Vídeo: Se celebra el funeral de Paz Fernández - El Comercio

El detenido por la muerte de Paz Fernández confiesa el crimen

Javier Ledo, después de declararse inocente tras el arresto, se ha derrumbado y ha aportado nuevas pistas a los agentes

MadridActualizado:

Javier Ledo, el hombre detenido el pasado viernes como presunto autor de la muerte de Paz Fernández, cuyo cadáver fue encontrado la semana pasada en el embalse de Arbón, confesó ayer domingo su participación en el crimen, según informa «El Comercio». Ledo ha acabado por derrumbarse, después de declararse inocente tras ser detenido, y ha aportado nuevas pistas a los agentes.

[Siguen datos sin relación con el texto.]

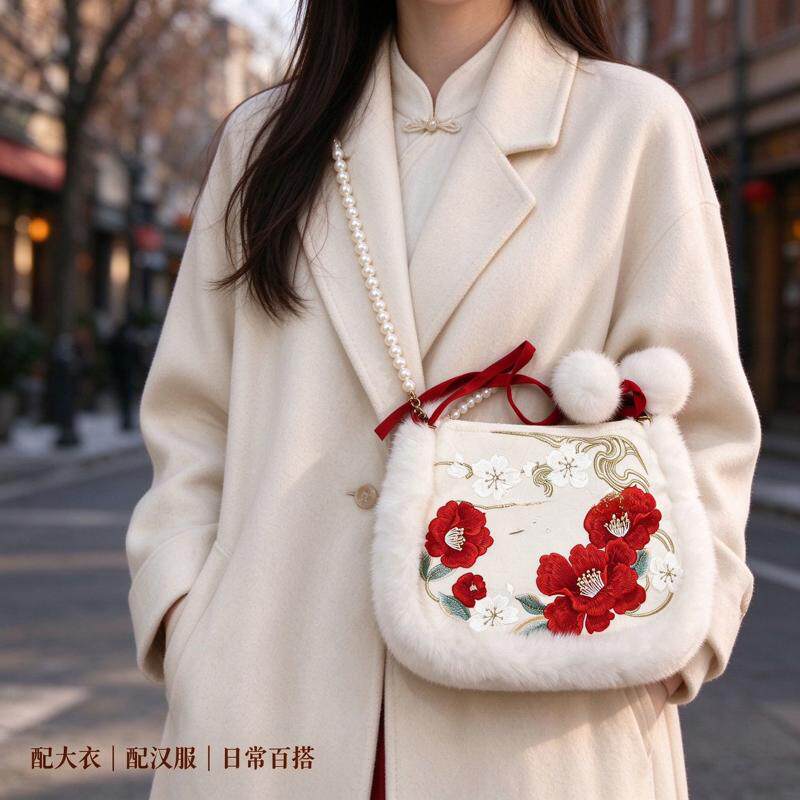 冬季毛绒手机包绣花汉服斜挎女包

Javier Ledo fue detenido en Navia el pasado viernes como presunto autor de la muerte de María Paz Fernández Borrego, gijonesa de 43 años que fue vista por última vez en dicha localidad el 13 de febrero. El detenido declara desde primera hora de este lunes en el Juzgado de Luarca, que instruye las diligencias, y que mantiene el secreto de sumario.

Fuentes de la Guardia Civil han confirmado que el detenido ha sido trasladado antes de las 8:00 horas al juzgado de Luarca para prestar declaración ante la juez, que deberá decidir ahora sobre su posible ingreso en prisión.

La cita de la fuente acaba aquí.